Homs ya no está bajo control del régimen. No me lo creo e insisto en no creérmelo: no me lo creeré hasta que vea con mis propios ojos las estatuas e imágenes de Hafez al-Asad, Bashar al-Asad y Basel al-Asad derrumbadas. No me lo creeré hasta que vea la bandera de la revolución ondeando bajo mi casa, pero bajo mi casa solo reina una profunda oscuridad, con pequeños puntos de colores de aquellos que esperan, como yo, y los que esperan como yo son muchos. Miro a la sede de la seguridad militar que está a unos metros de mi casa y no veo a nadie, pero recuerdo la voz del perro que solía oír y no ver siempre que pasaba frente a la sede. No hay ladrido, solo fantasmas que se mueven en la oscuridad, con el ruido de unos disparos terroríficos que parecen enfrentamientos. ¿Se ha liberado de veras la ciudad? En el grupo de WhatsApp del trabajo, mis compañeros mandan las novedades con absoluta neutralidad, sobre todo porque somos de distintas confesiones. Uno dice; «Chicos, ha caído la ciudad». ¿Ha caído?, ¿ha sido liberada? No importa: lo que importa es que está fuera del control del régimen.
Salgo al balcón inmediatamente. Me llama mi compañera llorando y me dice: «Están celebrando a gritos aquí en mi barrio». Salgo al balcón y no oigo nada más que el eco de mi respiración aterrada por la noticia y por mi miedo a que no sea realidad. Empiezan a sonar los gritos de «Dios es grande» en los balcones a la vez que se escuchan los disparos. ¡Dios es grande! ¡Dios es grande! La ciudad ha sido liberada de verdad.
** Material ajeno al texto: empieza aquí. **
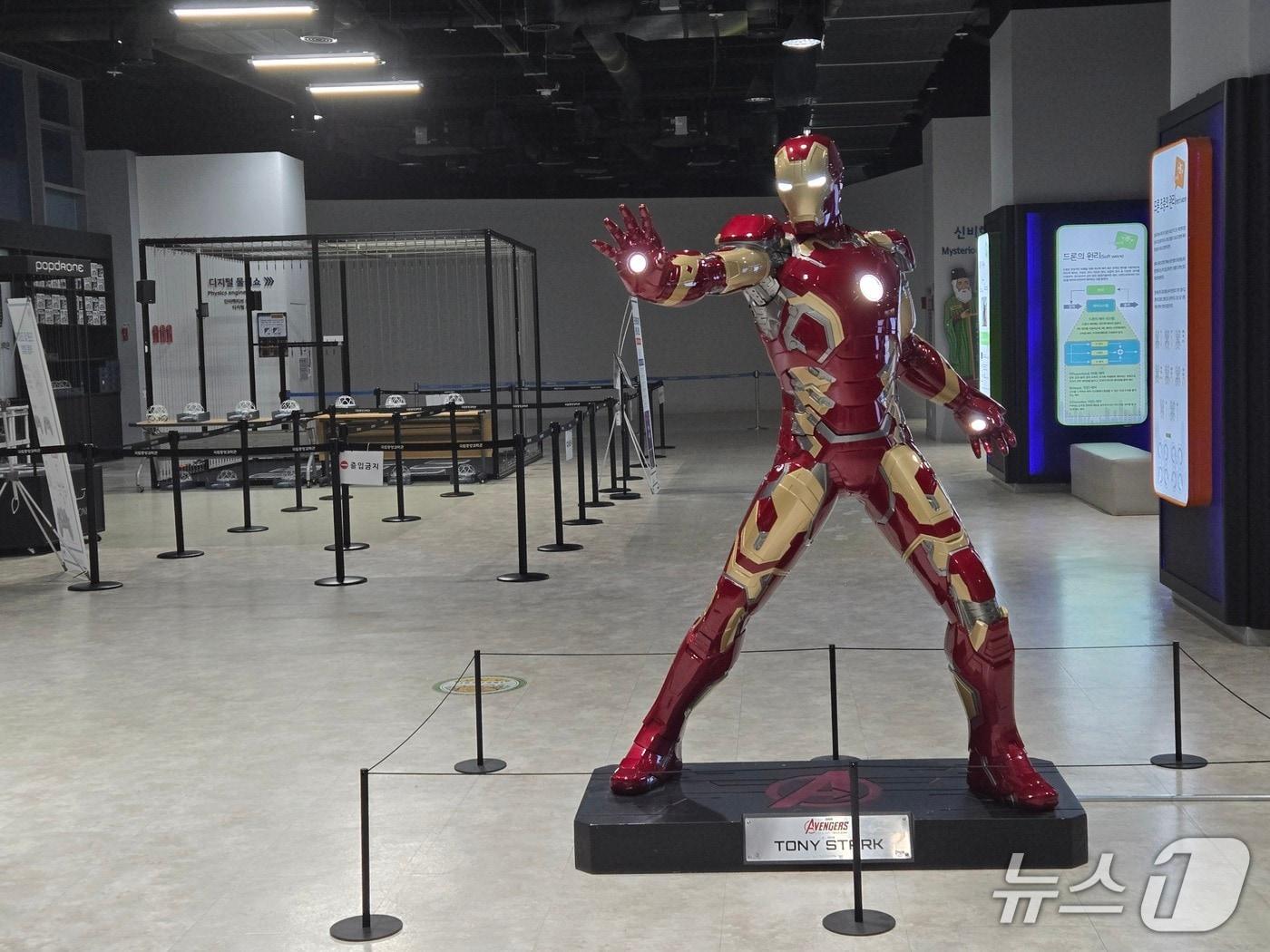 본문 이미지 - 국립중앙과학관 창의나래관에 선공개된 아이언맨 피규어(중앙과학관 제공) /뉴스1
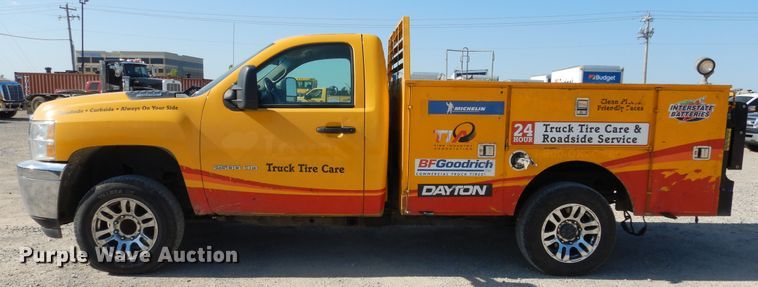 image for item HA9134 2013 Chevrolet Silverado 2500HD  utility bed pickup truck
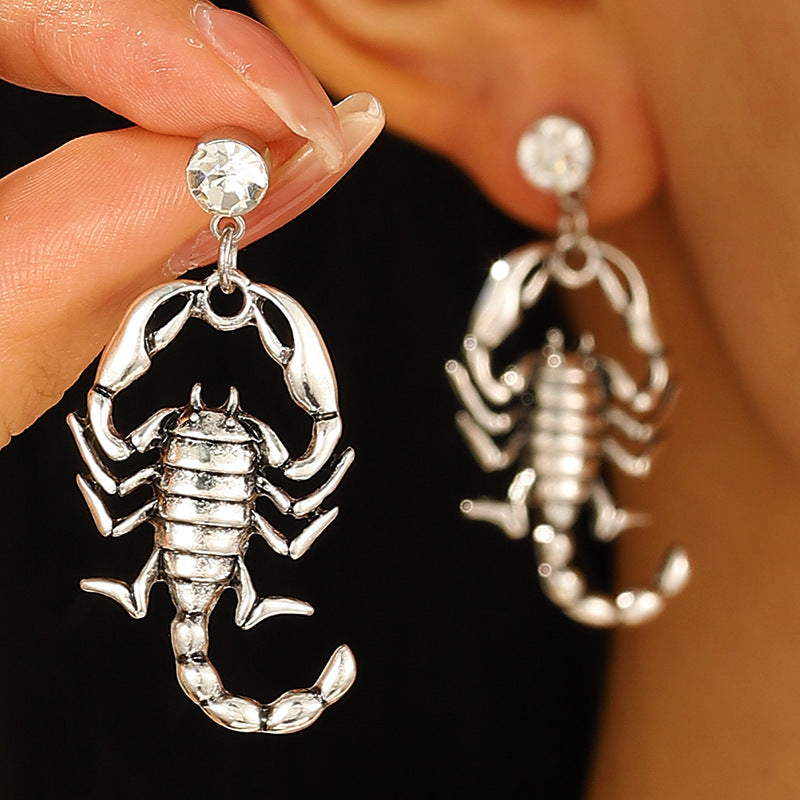 Exaggerated Personalized Diamond Snake Scorpion Female Senior Hip Earrings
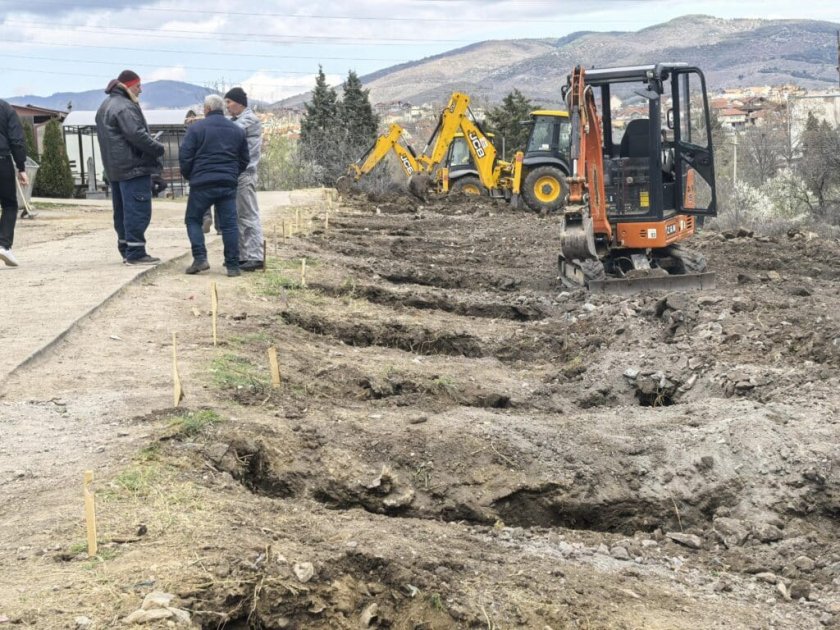Гробището в Кочани се разширява заради големия брой загинали при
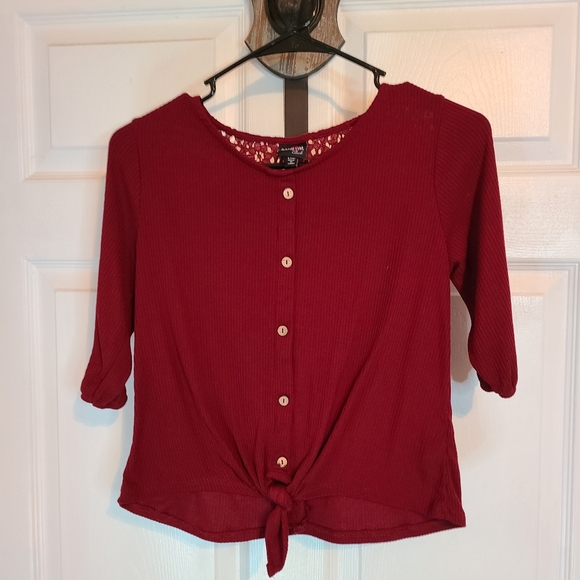 Ransom Woman's Quarter Sleeve Blouse, Size: Large Color: Red - Picture 2 of 14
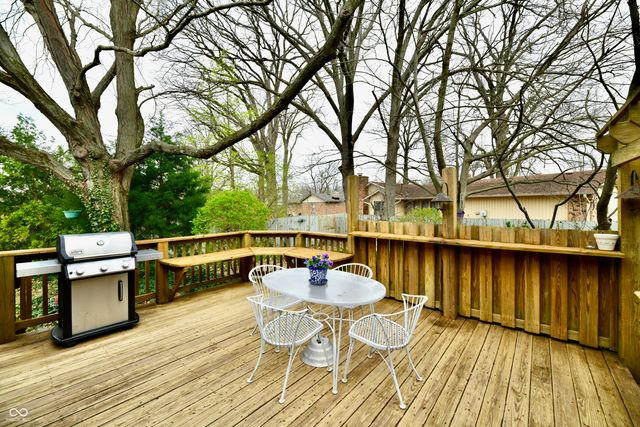 8518 Lockwood Place, Indianapolis, IN 46217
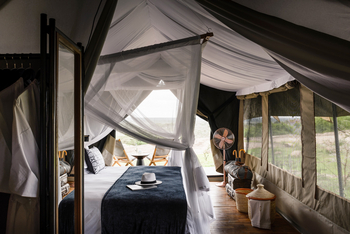 Sanctuary Kichakani Serengeti Camp Sanctuary Kichakani Serengeti Camp: Interior Gästezelt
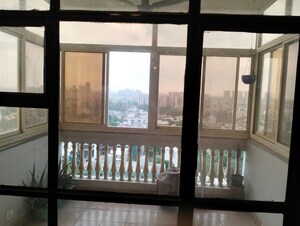 Balcony in 2 BHK Villa at Sector 22 – for Rent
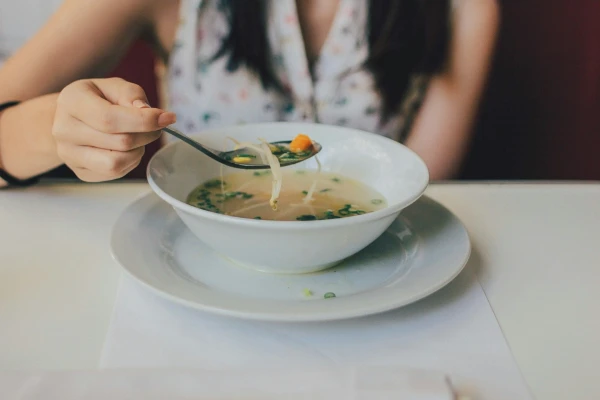 Doctor Reveals How to Get the Most Benefits from Chicken Broth During a Cold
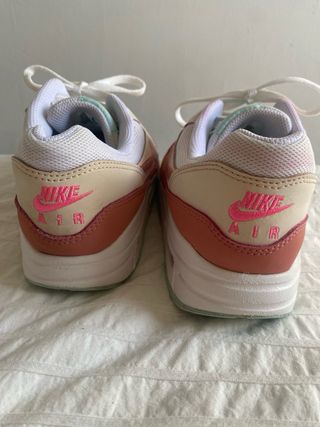 Nike Air Max 1 Beige y Rosa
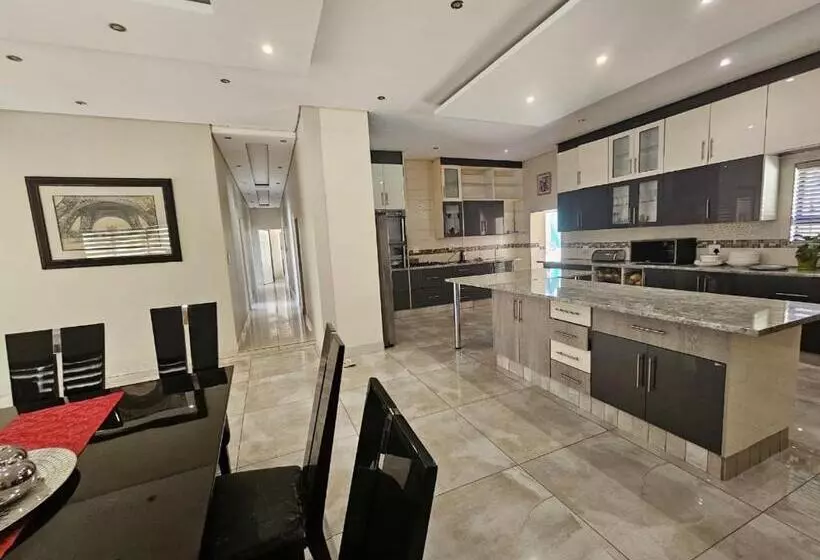 پانسیون Omosa Guest House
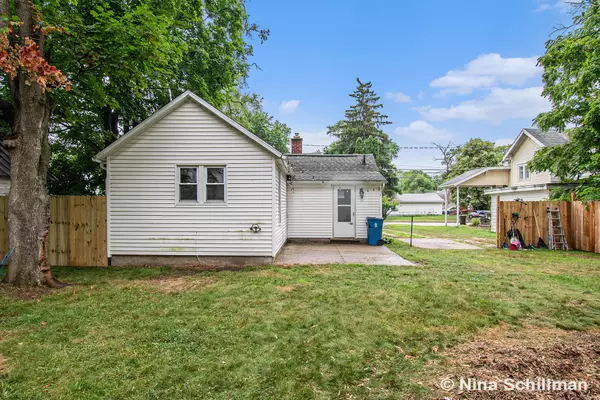 Fremont, MI 49412,17 E Oak Street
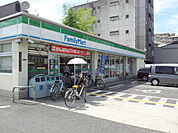 ファミリーマート万代東 549m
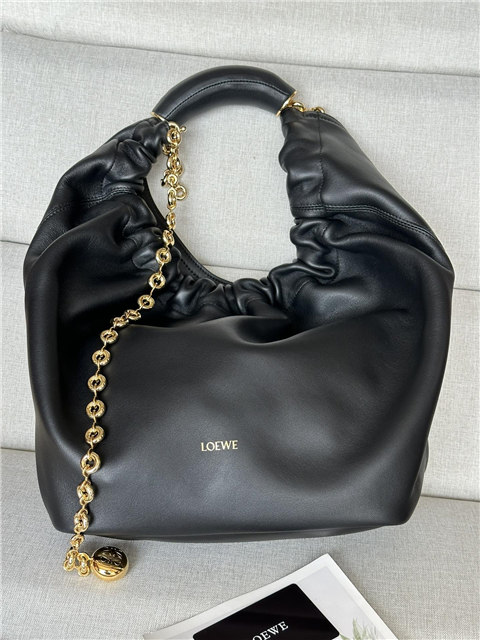 Loewe Medium Squeeze Bag 3902 Black-1.jpg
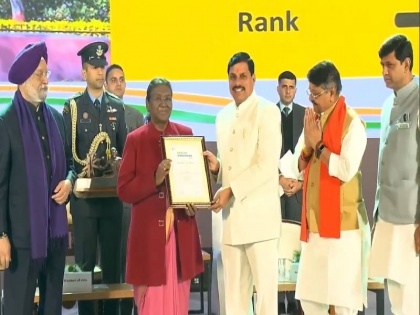 Swachh Survekshan Award: Indore tops the country in cleanliness for the 7th time, MP ranks 2nd among the cleanest states of the country. | Swachh Survekshan Award : स्वच्छता में इंदौर 7 वीं बार बना देश में अव्वल ,एमपी देश के स्वच्छ राज्यों में 2 पायदान पर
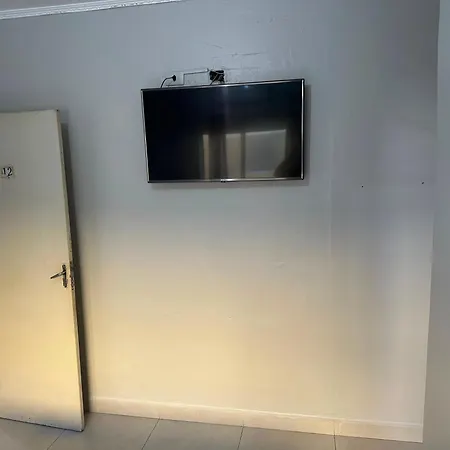 Hotel skala, com estaciomento próprio no local-3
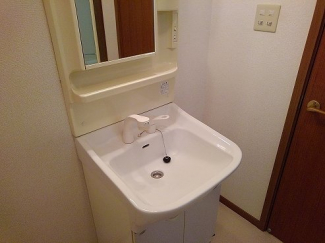 明るい洗面所です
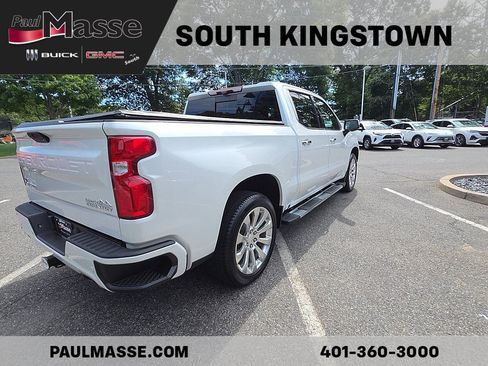 Used 2021 Chevrolet Silverado 1500 High Country w/ Technology Package AWD/4WD image 5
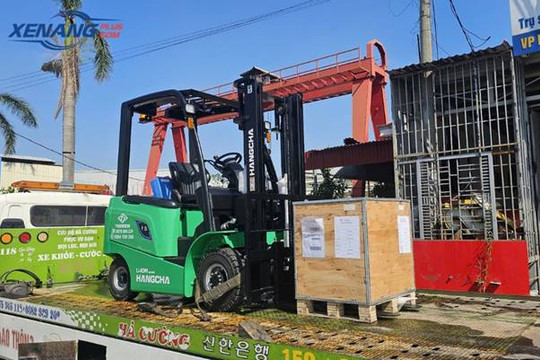 Xe nâng điện 1.5 tấn: Xu hướng hiện đại hóa hoạt động sản xuất và logistics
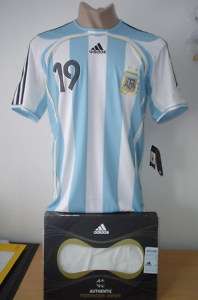 ARGENTINA 2006 FORMOTION HOME SOCCER JERSEY MESSI #19  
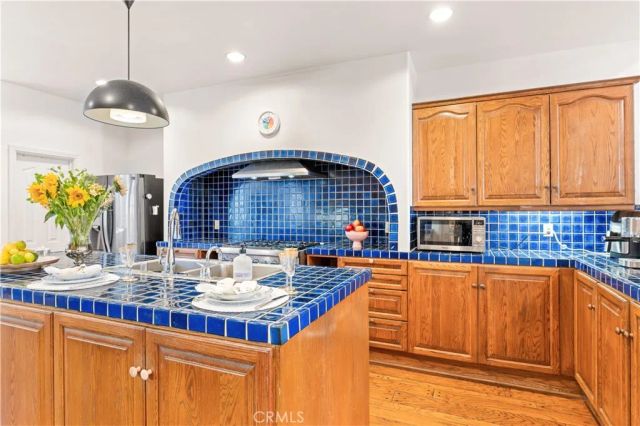 2282 Canyonback, Los Angeles, CA 90049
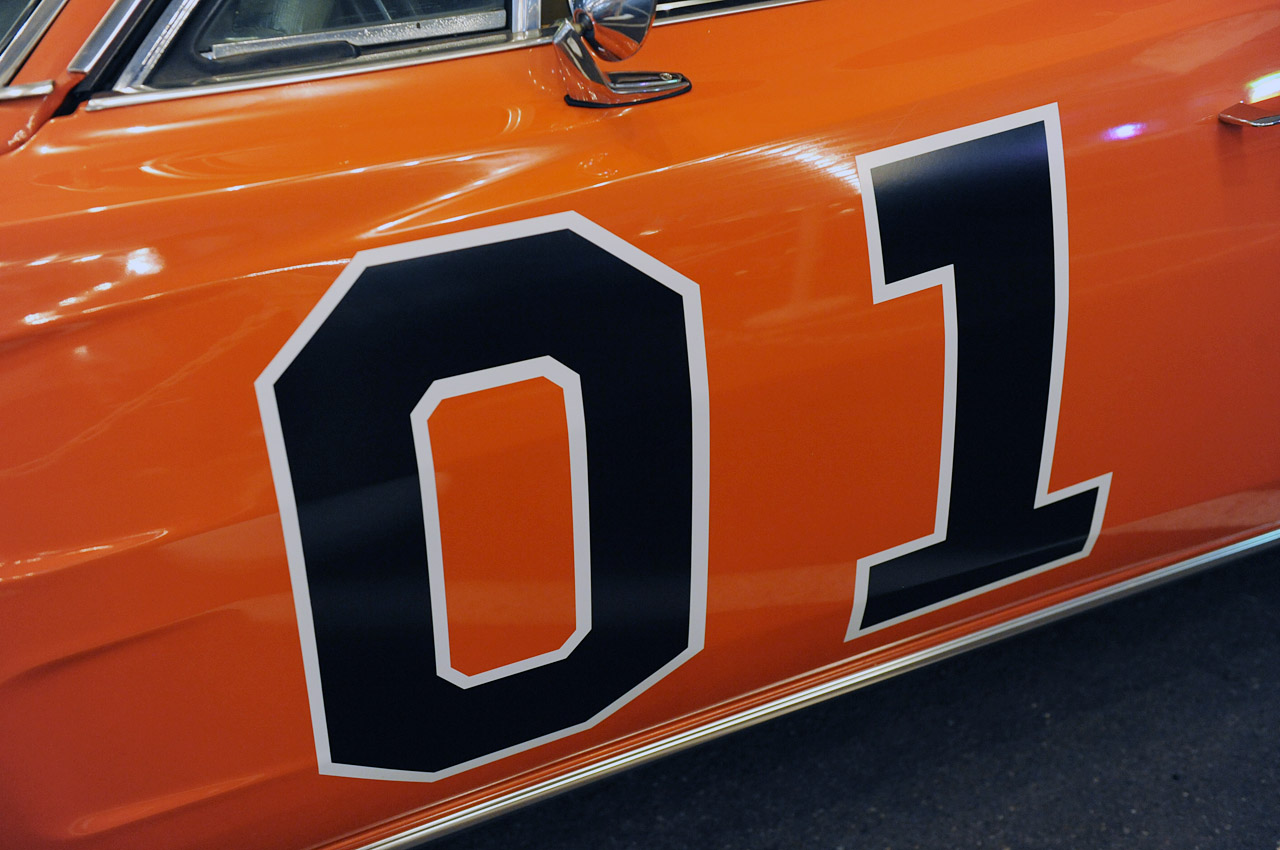 10-lee-1-dukes-of-hazzard-charger.jpg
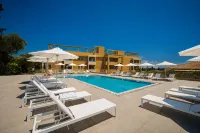 Tessera Villas & Studios Collection - Pools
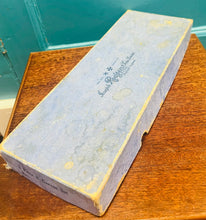 Load image into Gallery viewer, Set cerfio Hynafol Stainless Steel a charnau cyrn yn eu bocs gwreiddiol / Antique Stainless Steel and horn handle carving set in original box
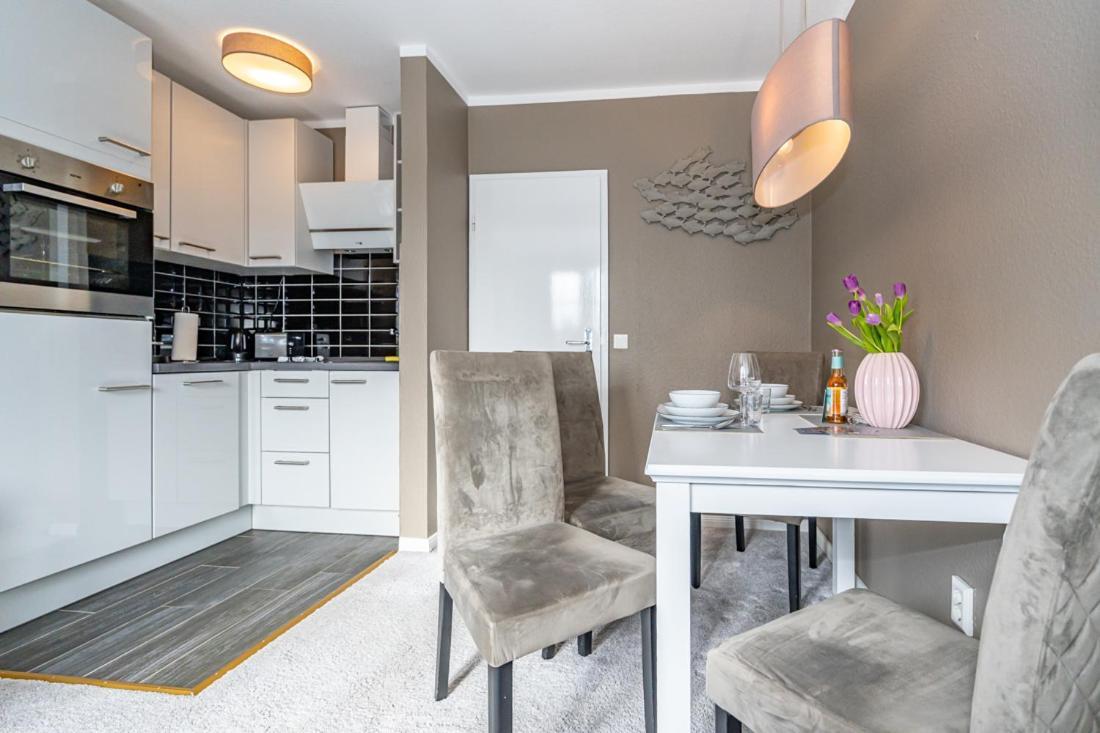 Maritim Und Individuell In Wenningstedt Mit Balkon Apartment Exterior photo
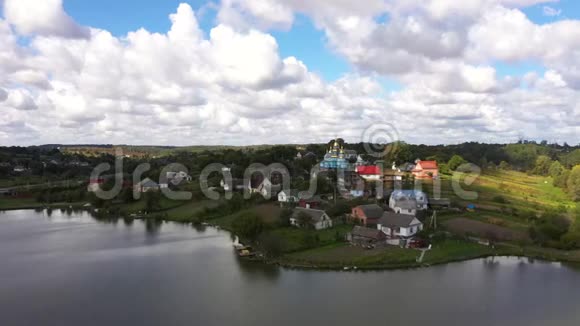 在湖边的一座山上鸟瞰美丽的村庄景观把摄像机移到主题上视频的预览图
Me río cuando escucho la voz de mi vecino en el piso superior gritando, con miedo, «Dios es grande». Sí, lo hacía con miedo. Agarrarse a la cuerda de Dios en estos momentos es la única solución: Homs ha sido liberada y el sueño se ha hecho realidad. ¿Es posible? Entonces, ¿eso es lo que se siente cuando uno se libera de la opresión? ¿Es eso lo que se siente? Qué difícil es de describir y de creer y qué bello, dulce y doloroso al mismo tiempo. No sé por qué es doloroso a la vez, pero es un dolor bello, un dolor con el que hemos soñado mucho tiempo y que no sabíamos cómo iba a ser. Ahora, solo ahora, sabemos cómo es.
¿Un piti?
Sí, un cigarro. Mi hermano, que vive en el extranjero, me llama, casi llorando, y me dice que quiere venir ahora mismo a Siria, que ojalá pudiera estar con nosotros en este momento. Se que ese es el sentimiento de todos los exiliados y desplazados forzosos en el extranjero. Intento consolarlo como puedo, cojo el teléfono y le grabo a los chicos mientras pasan por debajo de nuestro balcón disparando de alegría. Uno de los jóvenes combatientes me saluda con la mano y le devuelvo el saludo, mientras hago albórbolas y río histéricamente. Pregunto a mi hermano si los ha visto y me dice que sí. Mi hermano se queda en silencio y lo entiendo. Se me ahogan las palabras en la garganta. Me pregunto qué sentirán los demás, y sé que es exactamente lo mismo con intensidades variables. Las horas del amanecer pasan despacio y seguimos atentos a las noticias. Parece que la cosa no ha terminado en Homs, sino que las noticias se suceden en relación con Damasco y la zona rural a su alrededor. Más importante aún: la cárcel de Sednaya. Eso es mucho, muchísimo. La ciudad entera está despierta siguiendo las noticias. No, no solo la ciudad: todos los sirios. ¿La felicidad de la ciudad será tottal? Nadie lo sabe.
¿Un piti?
El sueño se hace realidad de verdad. Lo que se ha logrado es mejor que lo que cualquiera de nosotros hubiera soñado para este momento. La ciudad ha sido liberada, los chicos han llegado a la cárcel de Sednaya y han tomado Damasco. El tirano y su entorno han huido. Escribo esto sin apenas creerlo. Escribo esto con mi seudónimo y no me lo puedo creer. Ya no habrá más miedo, ya no habrá que esconderse. Voy a la plaza del Reloj Nuevo para compartir la alegría con la gente. Se felicitan unos a otros, incluso sin conocerse. Los lemas, los himnos y la bandera verde de la revolución ondeando sobre el reloj. Los chicos con sus coches con matrículas de Idleb o Alepo, coches distintos de los que hay la ciudad. Todo parece ideal, demasiado: todo parece mejor que cualquiera de nuestros sueños más locos.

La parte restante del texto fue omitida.